> WHAT THIS TASK INVOLVES: Each line from the one containing "So in this video" to the end of the data must be copied exactly, the first and last included; no other lines and no pictures belong in the copy.

> RECORDED DATA:
------------------------
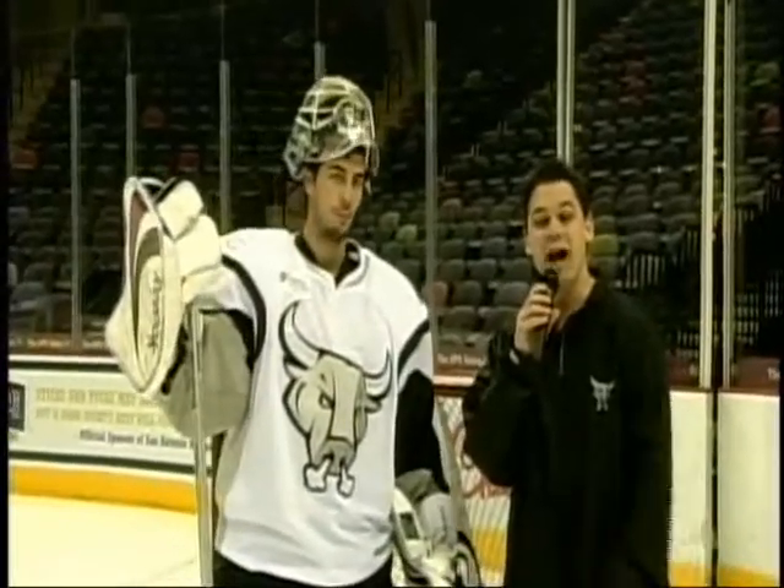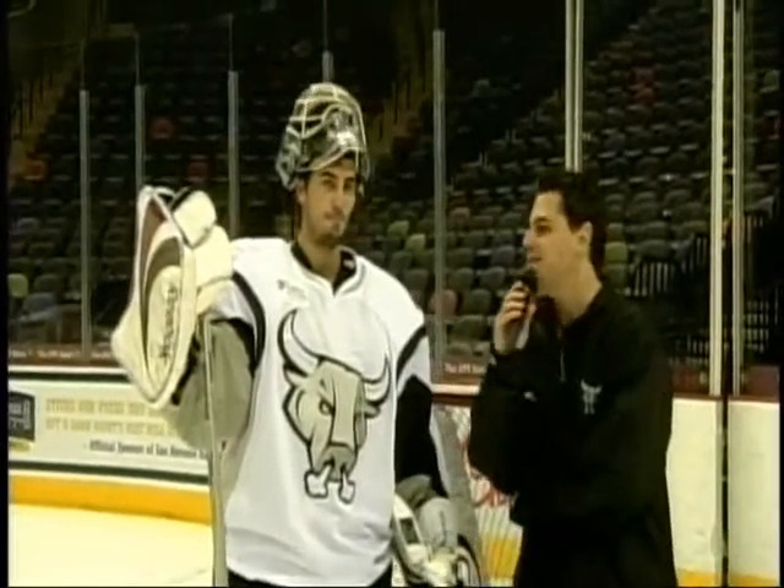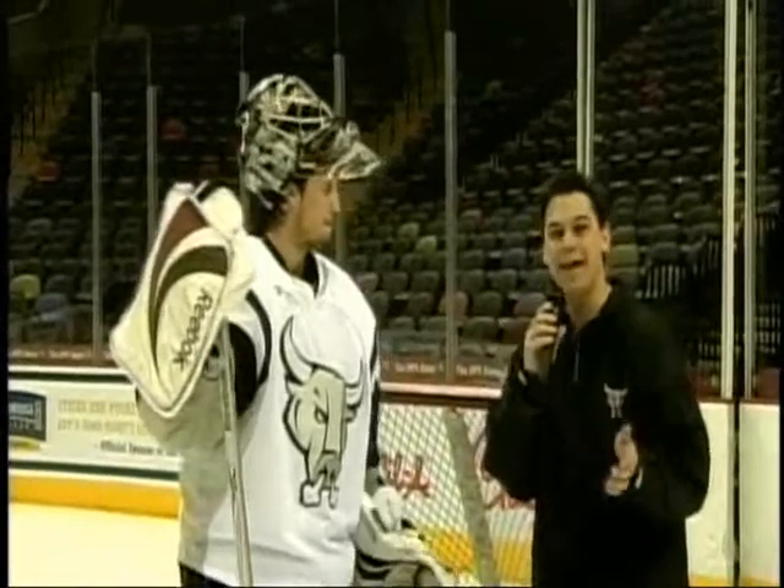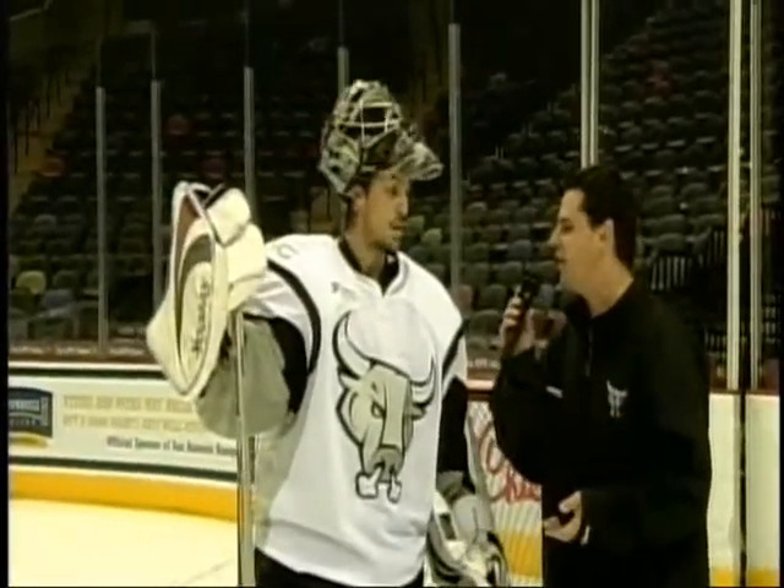Welcome back into another edition of Professor Hockey here at the AT&T Center. Dan Weiss alongside Rampage goaltender Josh Torgeman. Today we're going to talk about playing the breakaway and playing in the shootout. Josh, what's your approach when you see a guy coming in on a breakaway?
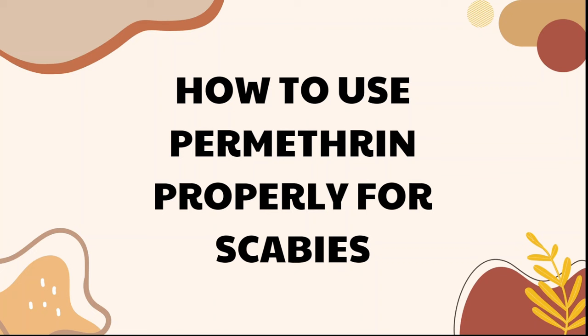So in this video I'm going to teach you how to use permethrin properly. I went through scabies myself, and it wasn't until I did quite a lot of research into why my treatment wasn't working that I figured out why I'd been using permethrin and some other treatments incorrectly and what I should have been doing. As soon as I started using it correctly, I did two treatments and my scabies was pretty much gone within a few weeks.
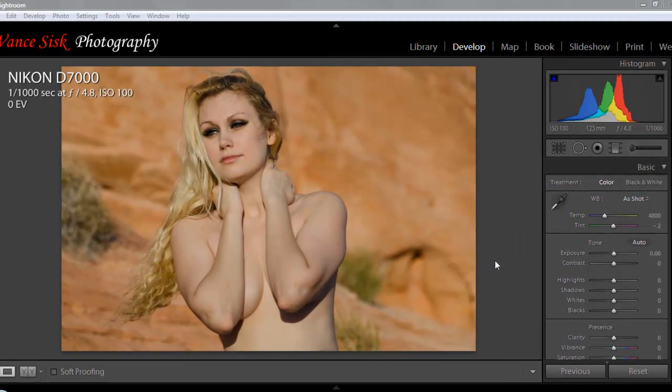Welcome. Today we're going to take a look at a photo we took at the Valley of Fire with this young lady. We get a lot of questions on the adjustment brushes in Lightroom. A lot of people don't even know that they're there, and they can use them without having to switch back between all the different softwares. We're going to take a look at some simple adjustments to bring your model to the forefront of your picture, kind of separating the background a little bit.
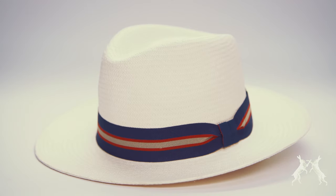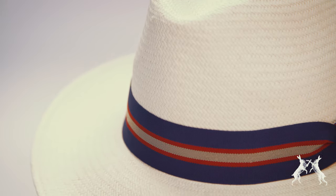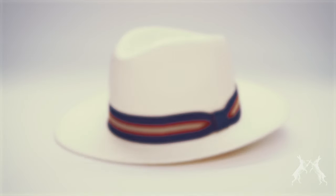Genuine Panama hats, like the proper upmarket ones sold by Messrs Peter Christian, are only made from proper toquilla straw, not to be confused with pale paper imitations.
------------------------
> EXERCISE ANSWER:
So in this video I'm going to teach you how to use permethrin properly. I went through scabies myself, and it wasn't until I did quite a lot of research into why my treatment wasn't working that I figured out why I'd been using permethrin and some other treatments incorrectly and what I should have been doing. As soon as I started using it correctly, I did two treatments and my scabies was pretty much gone within a few weeks.
Welcome. Today we're going to take a look at a photo we took at the Valley of Fire with this young lady. We get a lot of questions on the adjustment brushes in Lightroom. A lot of people don't even know that they're there, and they can use them without having to switch back between all the different softwares. We're going to take a look at some simple adjustments to bring your model to the forefront of your picture, kind of separating the background a little bit.
Genuine Panama hats, like the proper upmarket ones sold by Messrs Peter Christian, are only made from proper toquilla straw, not to be confused with pale paper imitations.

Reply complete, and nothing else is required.